Chrysalyn’s idea is to concoct a combination of sustainability, futuristic settings, and Afrocentricity. She walks through the process and explains that she is “taking traditional African garments like Dashiki and repurposing them for my fashion show.”

She explains why sustainability is an important portion of her work by adding, “consumers are understanding that we need to be more mindful and conscious of what not only our clothes are made out of but what we do with our clothing once we feel like they reached the end of their cycle.”

Chrysalyn explained that sustainability was a process in Africa that was almost second nature to textile producers.

“There’s so much spiritual connection between African weaving, and African dying, and African printing, that means more than just aesthetics. There’s spiritual connections to it and I want to do it justice by showing the prints and the colors that makes Africa stand out from everyone else,” she expresses.

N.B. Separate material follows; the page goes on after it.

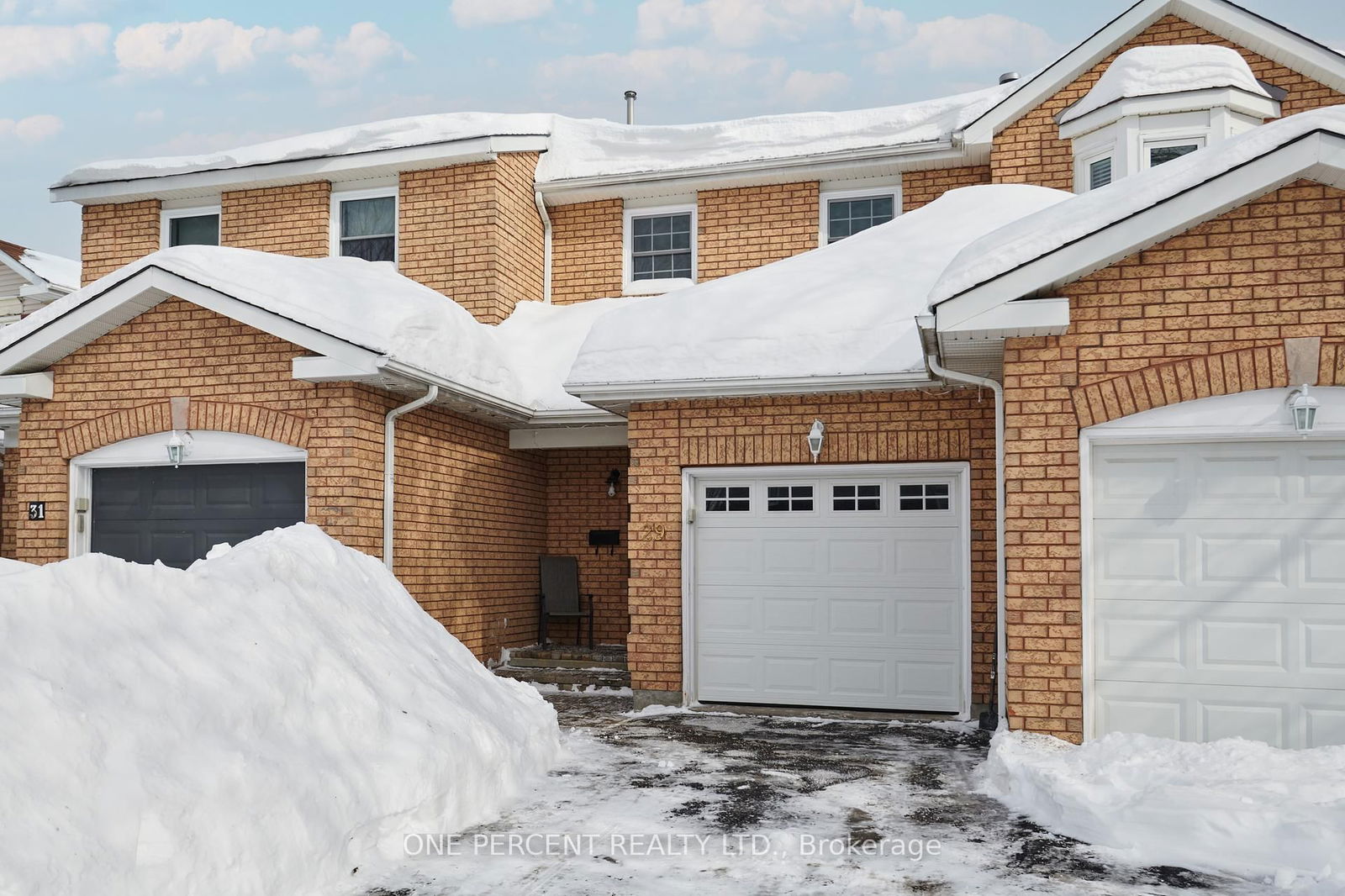 Townhouse sold at 29 Mountshannon Drive, Ottawa, Barrhaven - Longfields, K2J 4B8 - MLS: X11980146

The fashion show put on at the end of year by fashion students is no small project because it pushes students to take everything they have learned and incorporate it into three to six pieces to display in front of their immediate community.

Dr. Dorie, the instructor and an alumna of the program, gave insight on what designers face for the fashion show.

Dr. Dorie explained, “We’re really trying to prepare them to go into the fashion industry and have a strong design aesthetic, so they leave understanding the elements of design and how to execute them,” Dr. Dorie explained

She jokingly added, “[The designers] won’t sleep all semester.”

She gave the timeline of the tireless semester and narrowed it down.

“If you think about a look for one model, that’s about three garments for one model it’s a lot of work.”

Even though the sleepless nights and the ever-changing fashion world, Chrysalyn sets her sights on creating a space in fashion for all people who do not feel like fashion is for them.